The essential characteristic of the asthenic type, in Kretschmer's words, "a deficiency in thickness combined with an average unlessened length". The deficiency is present in all parts of body: muscle, bone, neck, face, trunk, extremities, and in all the tissues skin. The average weight as well as the other body measurements are below the general value for males.
We have, consequently, in the clearest cases a lean narrowly-built man: with narrow shoulders, with thin muscles, delicately boned hands, with a narrow, long, flat chest, on which we can usually see the ribs.
The asthenic female are not only thin, but also of very small height. In their general appearance they're the same as asthenic men.

Athletic type

The male athletic type is characterized by the strong development of the musculature, skeleton, and also the skin.
We have, therefore, in the clearest cases the following general impression: a man with a middle-sized to tall man, with a superb chest, wide projecting shoulders, firm stomach, magnificent legs. The expression "hypertrophied" meaning a development which oversteps the average, not in the sense of a pathological disturbance.
The athletic type among female corresponds to the male form. The certain characteristic deviation is the development of fat, it's rich, but not electively abnormal as with pyknics. Besides of these athletic type women with feminine rounded figure, there are also those women which have outstanding musculature in body face and face. In many cases, athletic type women are actually masculine in muscle relief.
. A frontal portrait.

Pyknic type

The pyknic type is characterized by the peripheral development of the body cavities, and a tendency to a distribution of fat about the torso. They also have a more graceful construction of the motor apparatus.
The characteristics of the well-developed cases: rounded figure, middle height, a soft broad face on a short massive neck, sitting between the shoulders, shoulders are not broad; soft, rounded, and displaying little muscle relief limbs, the hands soft, rather wide and short.
The pyknic type tend emphatically to a covering of fat. The obesity of the pyknic is restricted within moderate limits for the most part. The female pyknics covering of fat is more strongly concentrated over the hips and chest.
The ratio of chest to shoulder of the female pyknics is the same as in the male pyknics.

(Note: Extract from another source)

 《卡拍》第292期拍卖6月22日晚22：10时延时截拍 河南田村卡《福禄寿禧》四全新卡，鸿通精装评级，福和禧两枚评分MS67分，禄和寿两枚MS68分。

Distribution of the body types among the schizophrenics and circulars

The temperaments

Kretschmer divided the temperaments into the two "constitutional groups": schizothymic, which contain a "psychæsthetic proportion" between sensitive and cold poles, and cyclothymes which contain a "diathetic" proportion between raised and sad. The modern term for light version of 'circular' insanity is cyclothymia. Psychic tempo of schizothymic people is between unstable and tenacious and they have alternation mode of feeling and thought, and cyclothymes psychic tempo is between mobile and comfortable. Schizothymic's psychomotility is often inadequate to stimulus: inhibited, restrained, lamed, stiff, etc., and psychomotility of cyclothymes is adequate to stimulus and natural. Cyclothymes are often pyknics, schizothymes – athletic, asthenic, dysplastic, and their mixtures.
The Schizoids consist of the hyperæsthetic and anæsthetic characters.